Task prompt – Leave the pictures in the listing below aside and reproduce exactly the lines starting with the one with "Carreau Coeur tendance" and going on through the one with "embroidery denim retro", both ends included.

· · · · ·

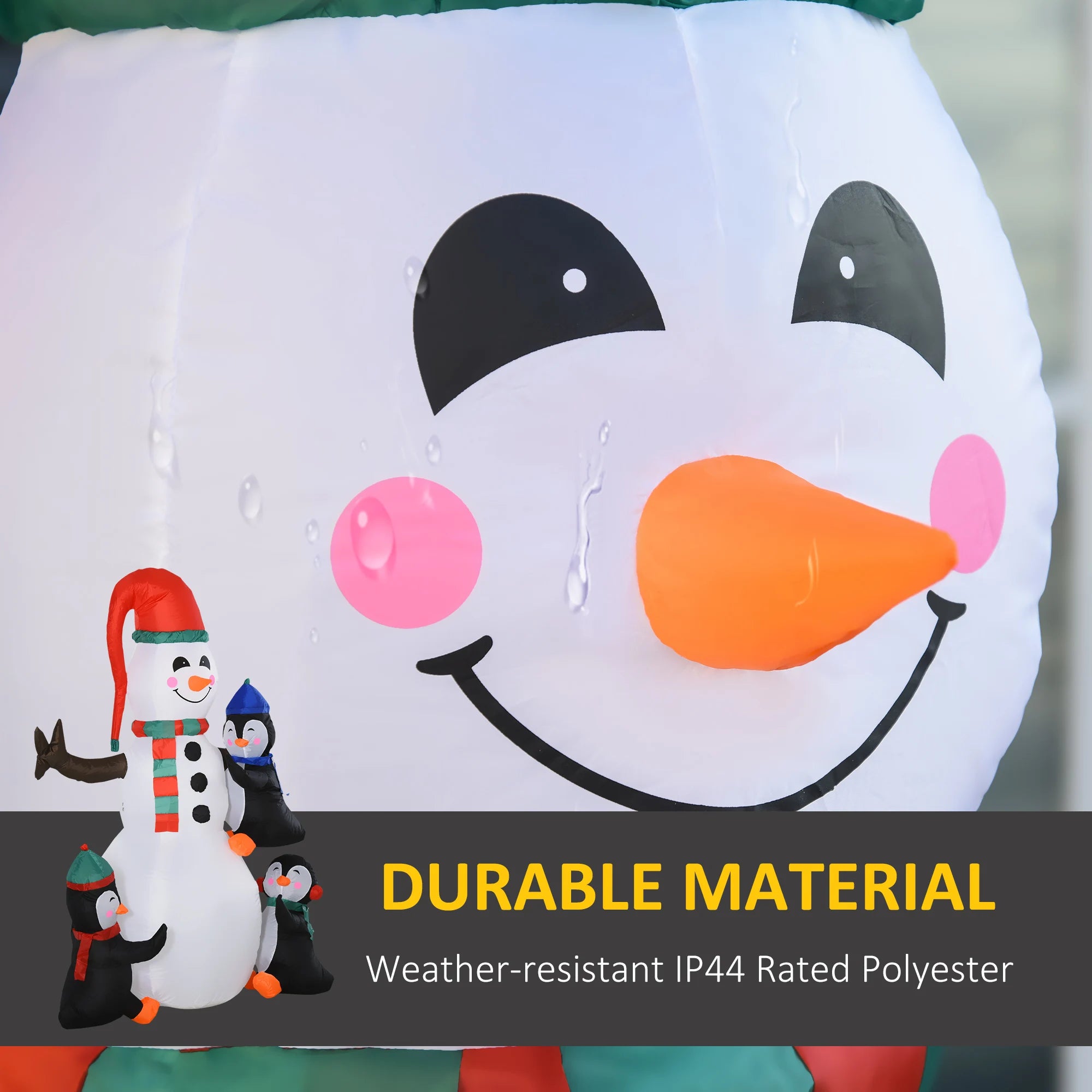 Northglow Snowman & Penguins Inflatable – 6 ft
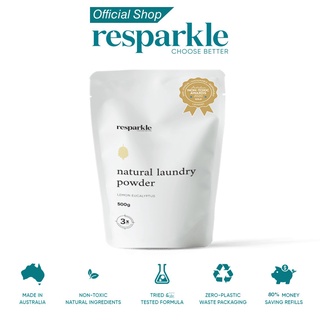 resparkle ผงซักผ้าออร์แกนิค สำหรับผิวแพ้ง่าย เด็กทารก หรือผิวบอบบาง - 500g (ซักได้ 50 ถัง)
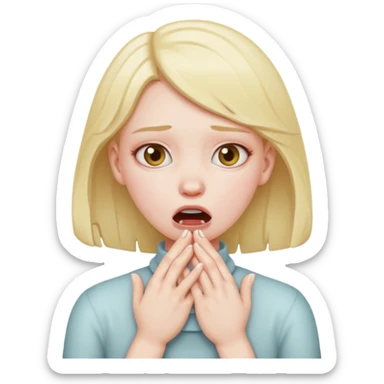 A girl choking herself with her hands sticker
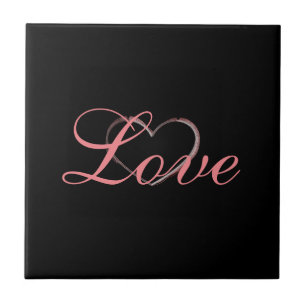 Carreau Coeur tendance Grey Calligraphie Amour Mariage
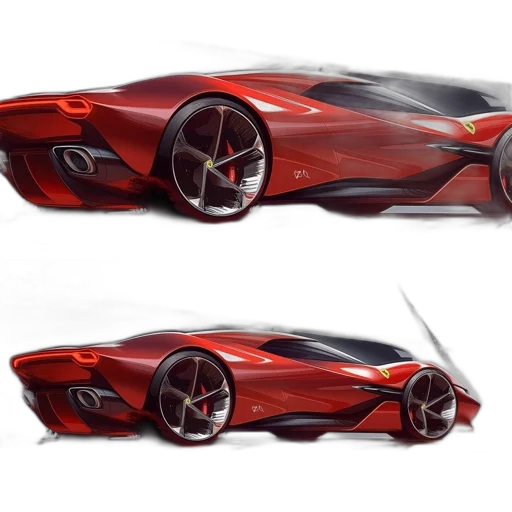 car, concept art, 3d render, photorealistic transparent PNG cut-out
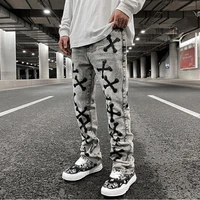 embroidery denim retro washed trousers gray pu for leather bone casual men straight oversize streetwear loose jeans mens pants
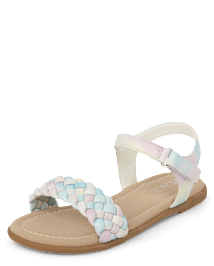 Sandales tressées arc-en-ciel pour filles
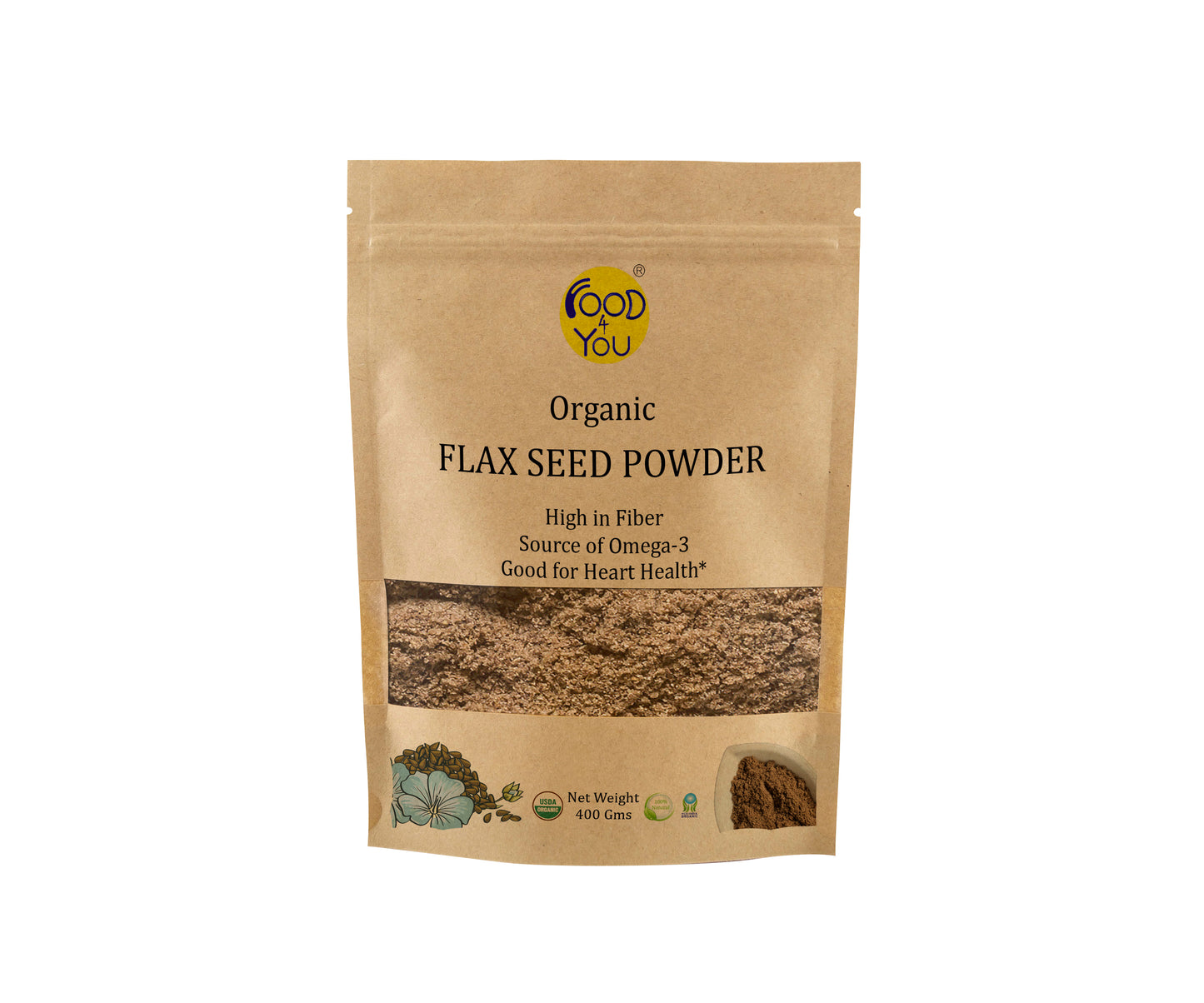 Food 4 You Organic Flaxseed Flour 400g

· · · · ·

Answer to the exercise –
 Carreau Coeur tendance Grey Calligraphie Amour Mariage
 car, concept art, 3d render, photorealistic transparent PNG cut-out
 embroidery denim retro washed trousers gray pu for leather bone casual men straight oversize streetwear loose jeans mens pants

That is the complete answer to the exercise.